産業技術総合研究所は2018年5月22日、新たなカスケード型熱電変換モジュールを開発し、変換効率12%を達成したと発表した。廃熱源に応じて異なる構成の高効率モジュールが選択可能となり、廃熱発電の多様化につながるという。
熱電変換材料で熱エネルギーを電力へと効率的に変換するには、電気抵抗率を低くして電流をよく流す必要がある。また、温度差を利用して発電するため、温度差維持のために熱伝導率が低い必要もある。
これまでの研究から、電流をよく流す一方で熱を流しにくいナノ構造の形成が、性能向上に有効だと示されており、熱電変換材料の性能を表す熱電性能指数のZTは2.0に近づいてきた。従来PbTe熱電変換材料では、ナノ構造の形成にMgなどのアルカリ土類金属を使うことが多かったが、アルカリ土類金属は空気中で不安定で取り扱いが困難という欠点があった。
研究グループはまず、アクセプターとしてナトリウム(Na)を4%添加したp型のPbTeに、アルカリ土類金属よりも空気中で安定なGeを0.7%添加することで、5nmから300nm程度のナノ構造が形成されることを示した。
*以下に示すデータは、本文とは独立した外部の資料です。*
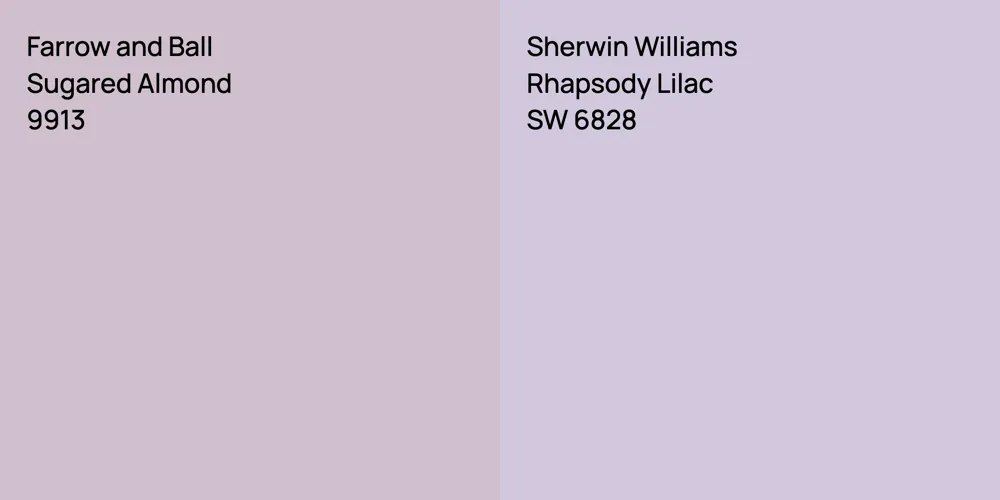 Farrow and Ball Sugared Almond vs. Sherwin Williams Rhapsody Lilac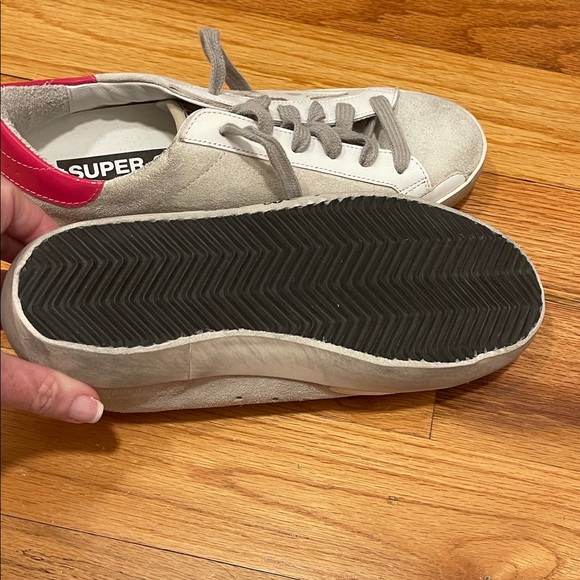 Golden Goose Gray and White Sneakers with Pink Detail - Picture 4 of 5
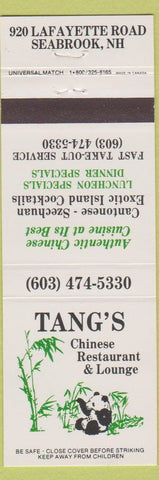 Matchbook Cover - Tang's Chinese Restaurant Seabrook NH Panda Bear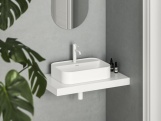 Ravak Umyvadlo Ceramic Slim Shelf R 55, s otvorem pro baterii, s přepadem, antracit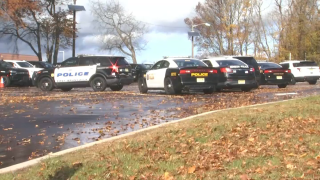 North Brunswick police vehicles parked in lot.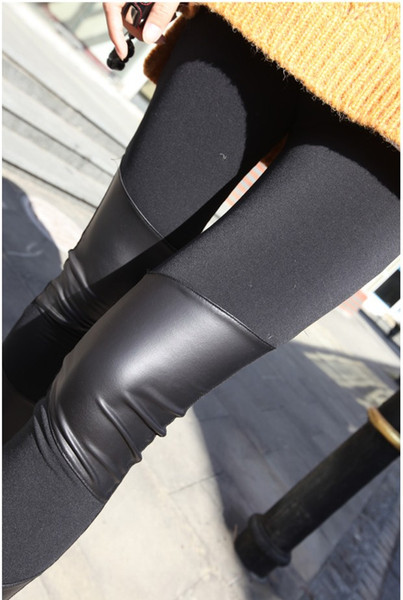 001 2014 Fashion Women's Leggings Black Faux Leather Patchwork Slim Ankle Length Trousers Show Thin Skinny Pants Free Shipping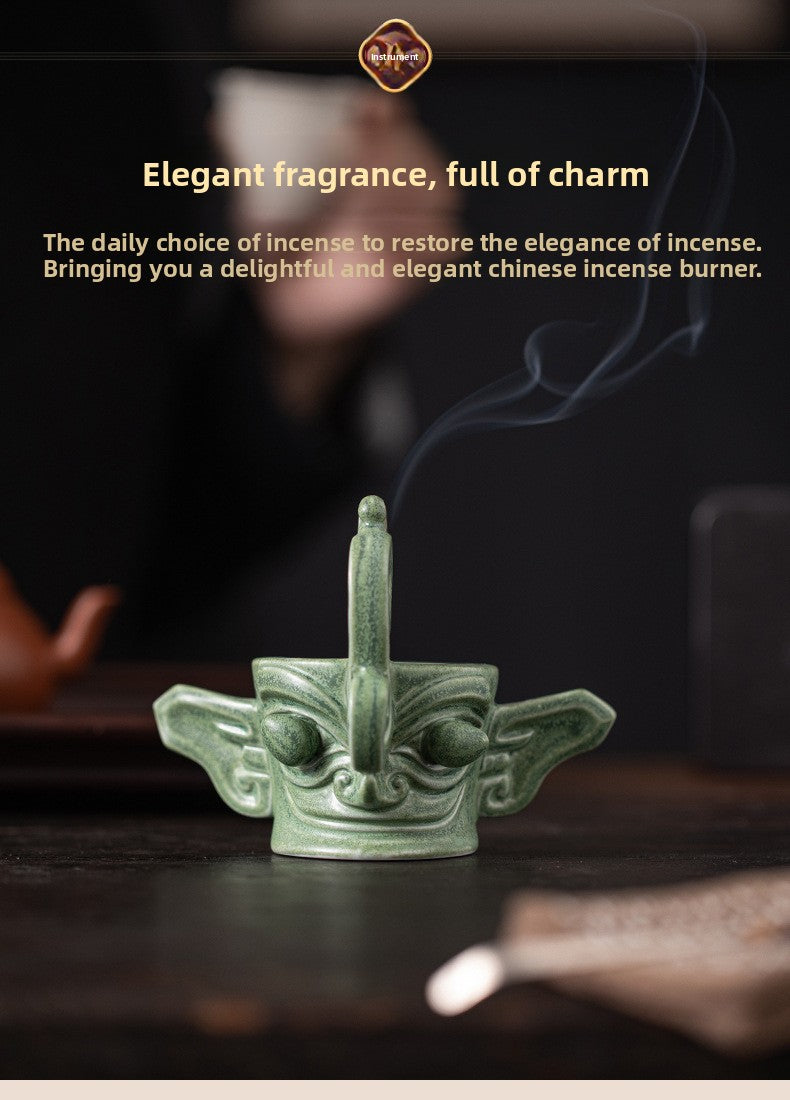 zensoullab Chinese Retro Cultural Creative Sanxingdui Bronze Long Eyes Mask Incense Holder Aromatherapy Burner Home Indoor Ceramic Incense Burner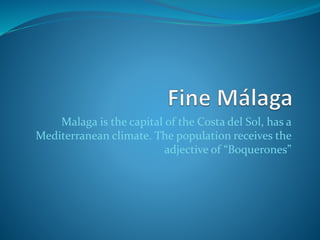 Malaga is the capital of the Costa del Sol, has a 
Mediterranean climate. The population receives the 
adjective of “Boquerones”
このナノ構造にはGeと微小のNaが含まれていることから、Geの添加がナノ構造の形成を誘起したと考えられる。このナノ構造は、アルカリ土類金属を用いて形成したナノ構造と同様に、電流は流すが熱は流しにくい性質をもつため、ZTは530 ℃で1.9という非常に高い値に達したという。
そして、今回開発のナノ構造を形成したPbTe焼結体をp型の素子、ドナーとしてヨウ化鉛(PbI2)を添加したPbTe焼結体をn型素子として用いた一段型熱電変換モジュールを作成。さらに、熱電変換材料と電極との間に熱的・電気的に良好な接合をもたらす拡散防止層を開発。p型素子の拡散防止層には鉄(Fe)をn型素子の拡散防止層にはコバルト(Co)を主成分とした材料を用いた。
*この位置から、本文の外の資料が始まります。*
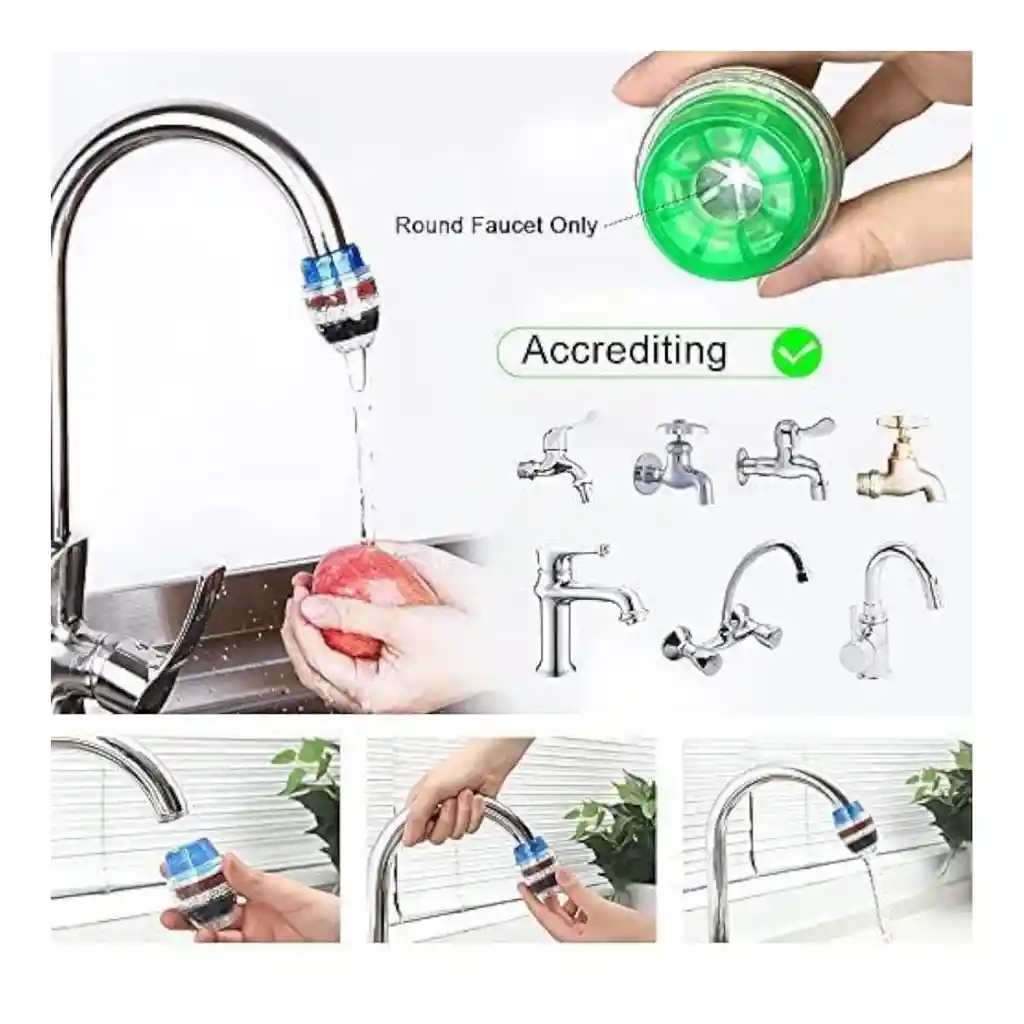 Filtro Purificador De Agua 3 Niveles Carbón Grifos Llave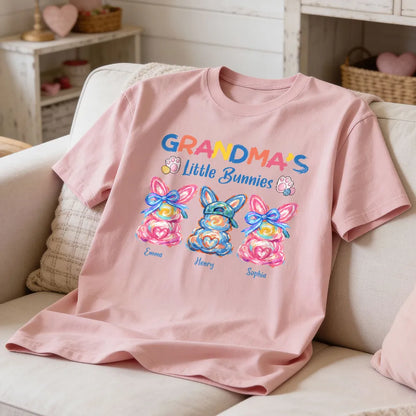 Personalized Grandma's Little Bunnies Classic Tee, Colorful Brushstroke Easter Gift for Grandma, Cute Custom Bunny Shirt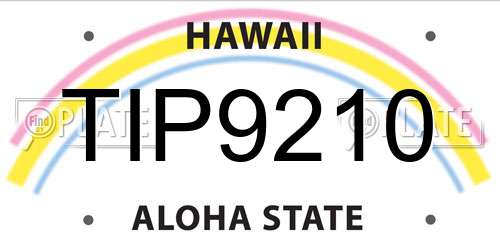 TIP9210 Hawaii License Plate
このモジュールの出力電力と変換効率を、低温側を10℃に固定し高温側を300℃から600℃まで変化させて測定したところ、両方とも温度差と共に増加し、高温側が600℃のときに、最大出力電力は2.2W、最大変換効率は8.5%に到達した。また、有限要素法を用いて、p型とn型PbTe焼結体の熱電特性から一段型熱電変換モジュールの性能をシミュレーションしたところ、最大変換効率は11%となった。実際の変換効率が低いのは、各種部材間の界面に電気抵抗や熱損失が存在しているためだ。これらを改善することで、8.5%を超える変換効率を達成できる可能性があるという。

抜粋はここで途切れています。